Your instructions: Below are entries with pictures in them. Output exactly the lines starting at the line with "成約済の愛知県のポメマル:ポメラニアン×マルチーズ-371547の2枚目" and ending at the line with "सुरक्षा बलों ने किये भारी मात्रा में हथियार जब्त सुरक्षा", both included, but not the pictures.

Study material Block Start

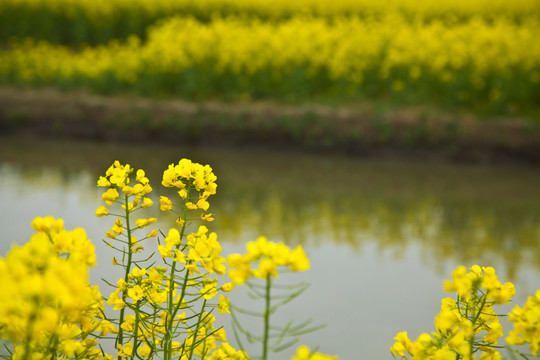 兴化油菜花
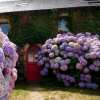 Flores De Hortensias Artificiales Al Aire Libre💐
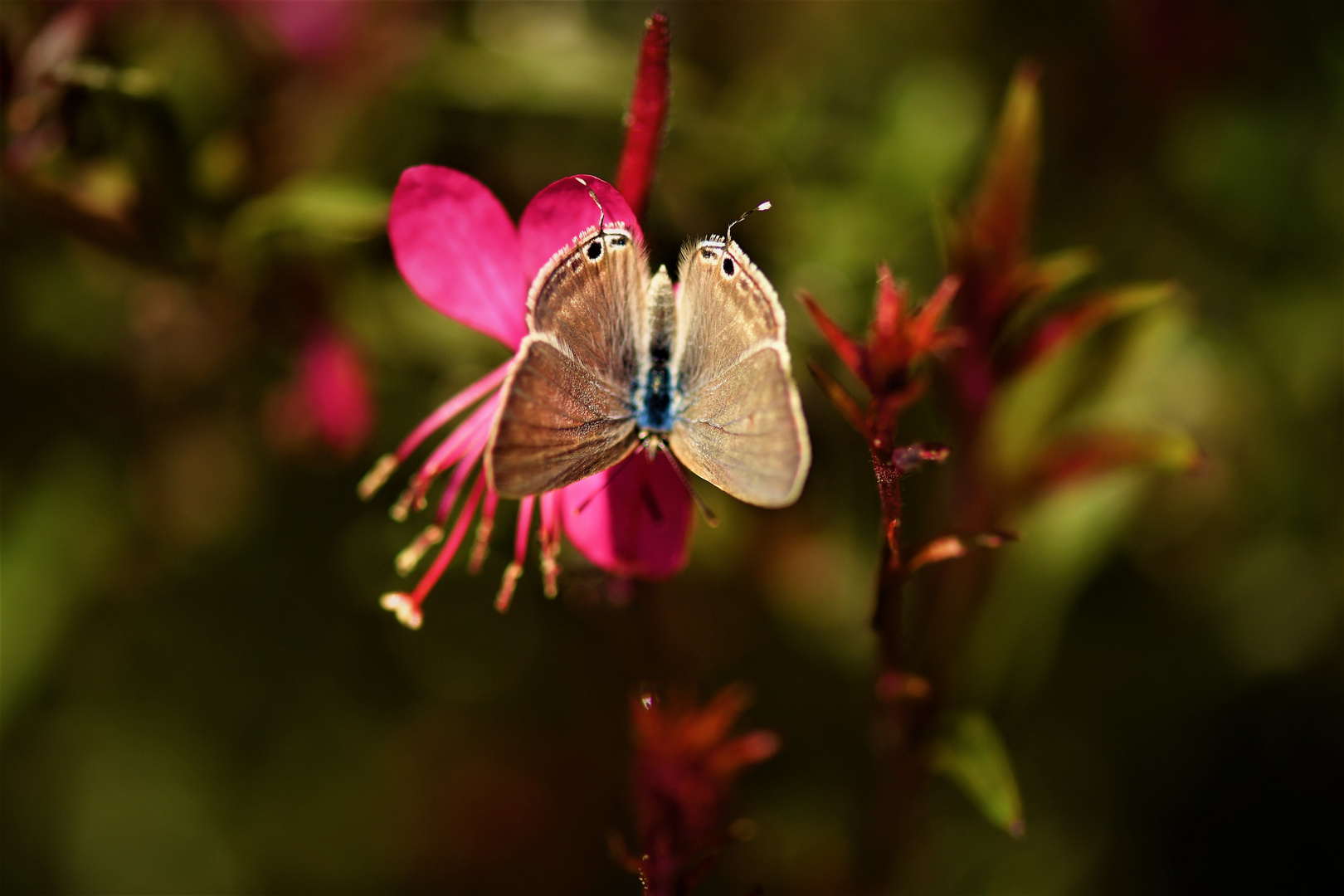 Ein Schmetterling im Winter... Foto & Bild | tiere, wildlife, garten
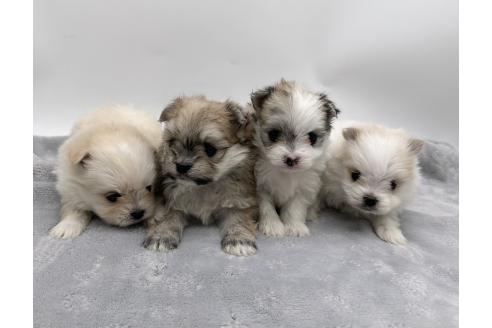 成約済の愛知県のポメマル:ポメラニアン×マルチーズ-371547の2枚目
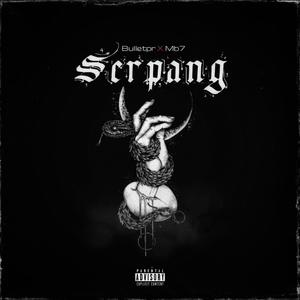 Serpang (feat. Mb7) (Explicit)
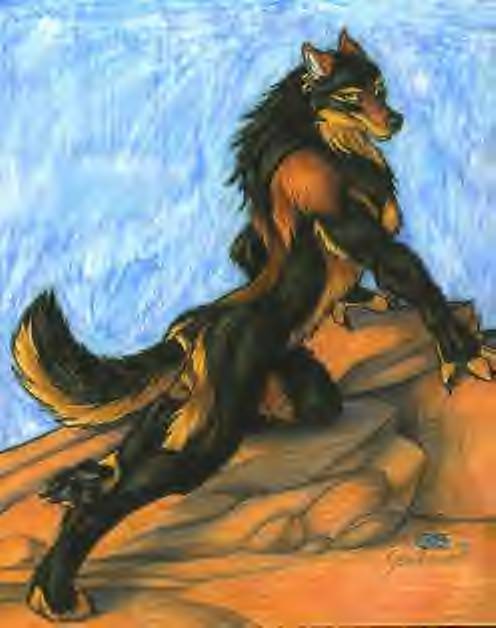 Lune.dislike.wolf.jpg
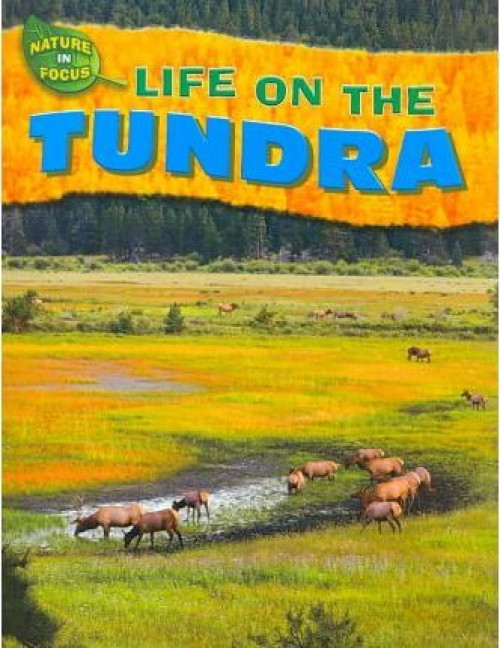 Life on the Tundra - 9781433934186 by Jen Green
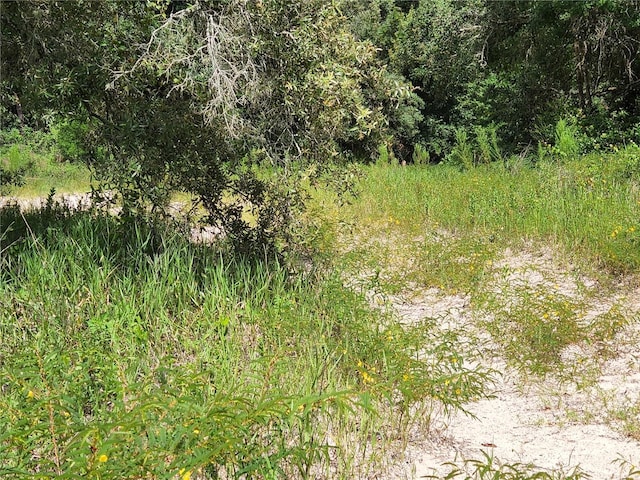 17686 Trojantown, Spring Hill, FL 34610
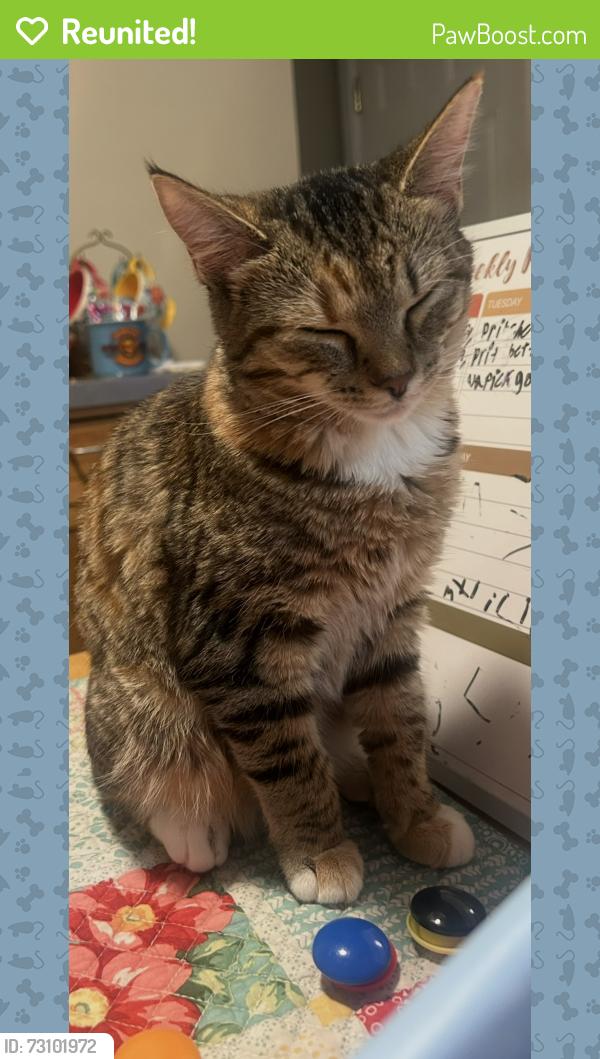 Reunited Female Cat last seen Larkgrove and Christman, Louisville, KY 40229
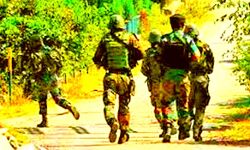 सुरक्षा बलों ने किये भारी मात्रा में हथियार जब्त सुरक्षा बलों ने किये भारी मात्रा में हथियार जब्त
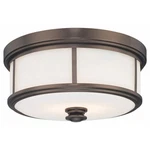 Minka-lavery 20" Harvard Court Bronze Light Fixture Model #6369-281. Fixed Price $199.00.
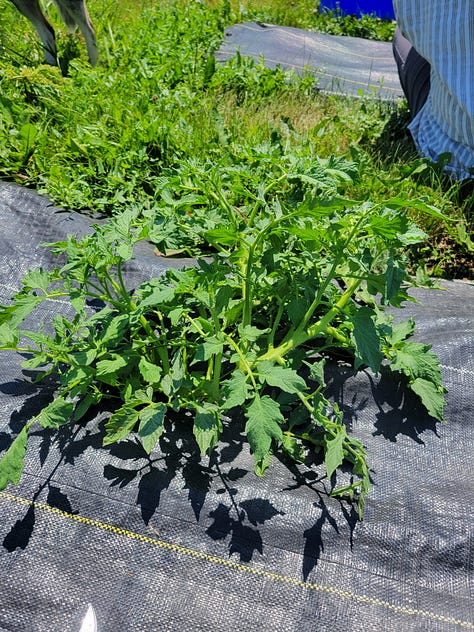 The farm crew pruning tomato plants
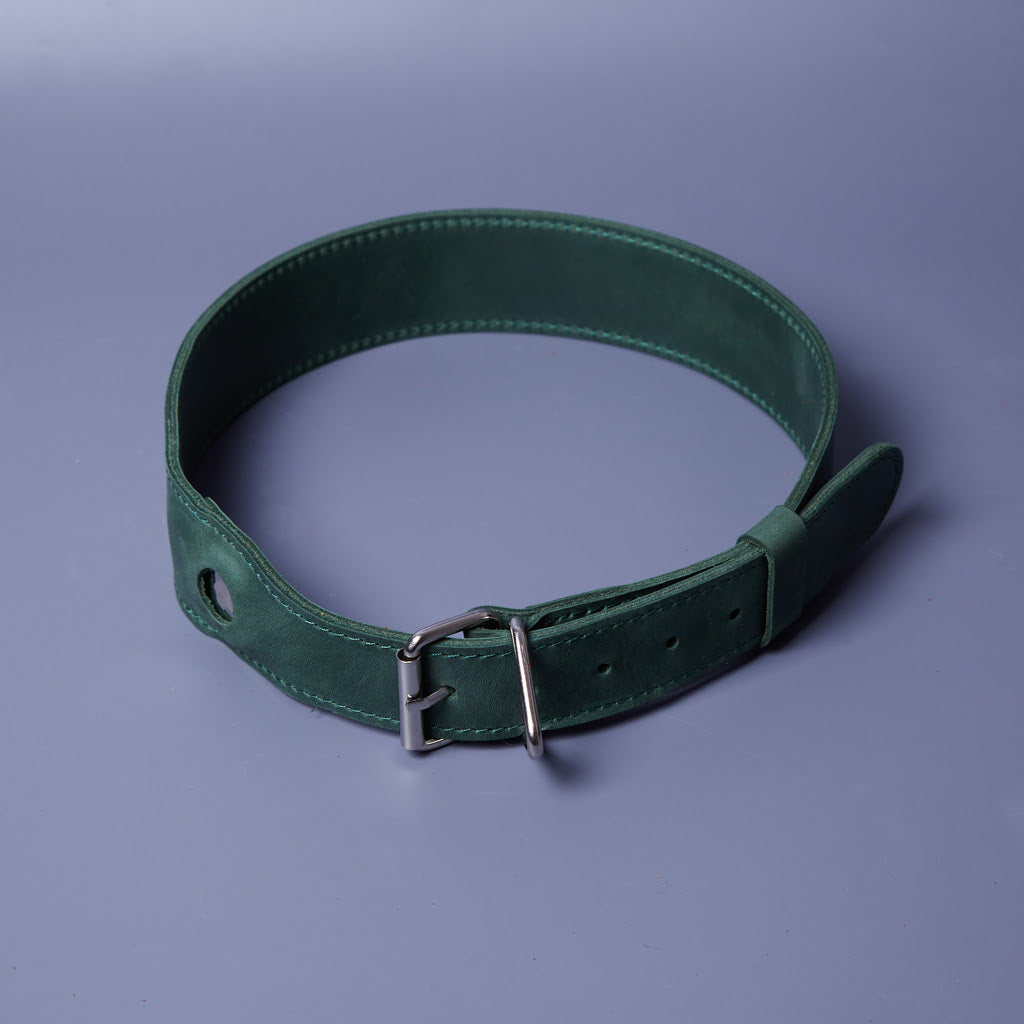 Air Collar leather collar for medium dog breeds with AirTag holder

Study material Block End

Task result:
 成約済の愛知県のポメマル:ポメラニアン×マルチーズ-371547の2枚目
 Serpang (feat. Mb7) (Explicit)
 Lune.dislike.wolf.jpg
 Life on the Tundra - 9781433934186 by Jen Green
 17686 Trojantown, Spring Hill, FL 34610
 Reunited Female Cat last seen Larkgrove and Christman, Louisville, KY 40229
 सुरक्षा बलों ने किये भारी मात्रा में हथियार जब्त सुरक्षा बलों ने किये भारी मात्रा में हथियार जब्त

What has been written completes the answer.